__WHAT TO WORK ON__. Beginning with the line that contains "Herbal Nutrition Garcinia", write out each remaining line of the records below exactly. Do not copy any picture.

(Records contained in a dataset)
--- START ---

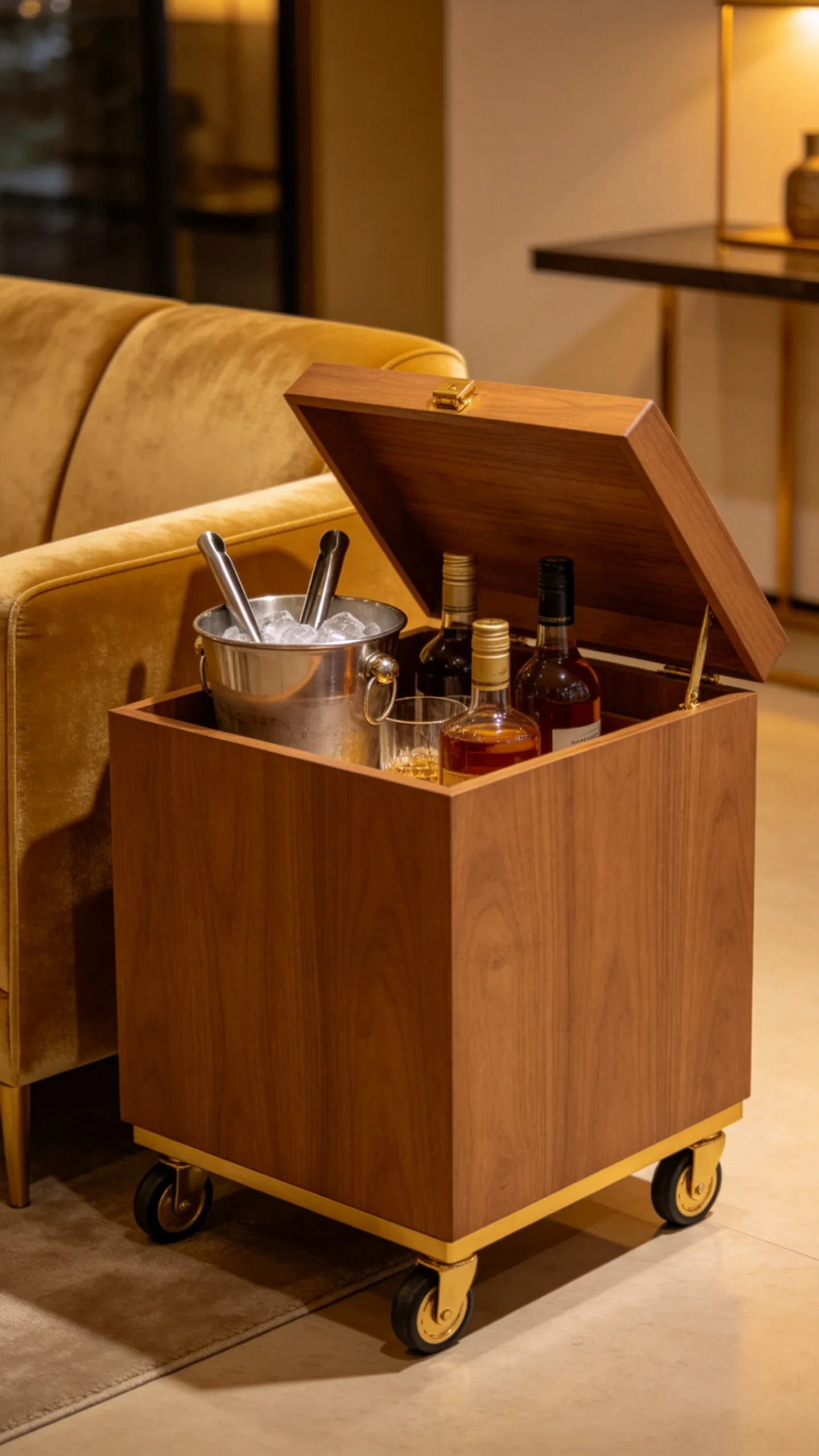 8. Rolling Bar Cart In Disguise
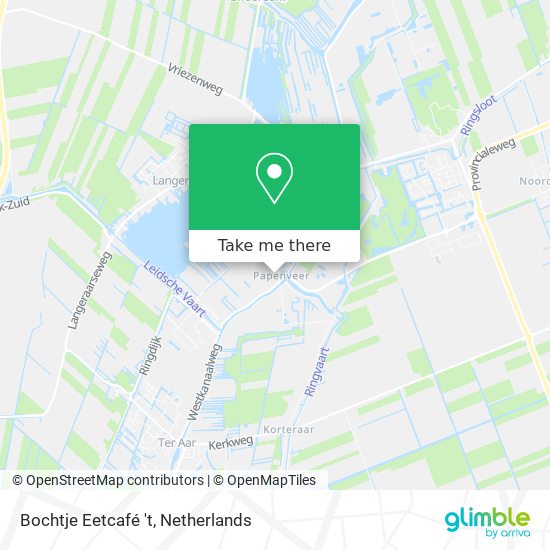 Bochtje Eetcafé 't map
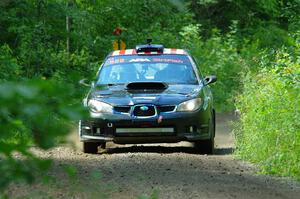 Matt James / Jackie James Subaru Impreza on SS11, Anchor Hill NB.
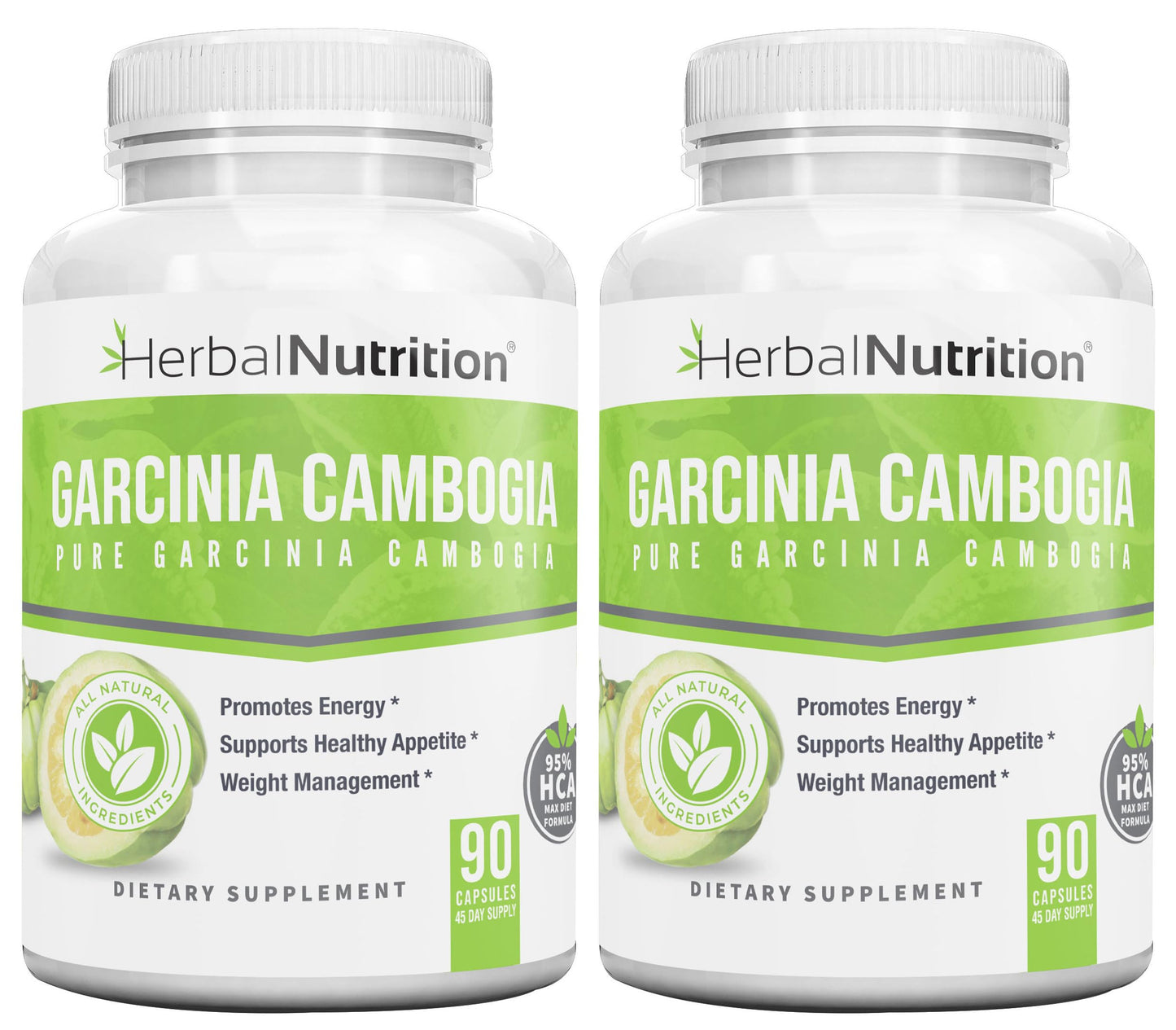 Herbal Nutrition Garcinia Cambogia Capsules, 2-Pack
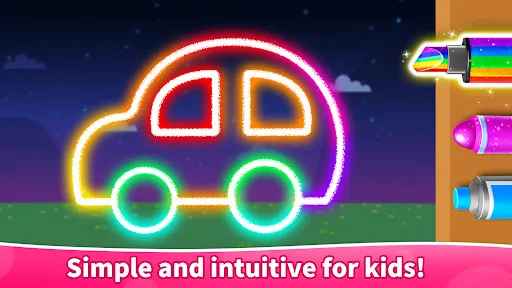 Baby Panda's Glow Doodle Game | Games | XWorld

--- END ---

__PROBLEM SOLUTION__.
 Herbal Nutrition Garcinia Cambogia Capsules, 2-Pack
 Baby Panda's Glow Doodle Game | Games | XWorld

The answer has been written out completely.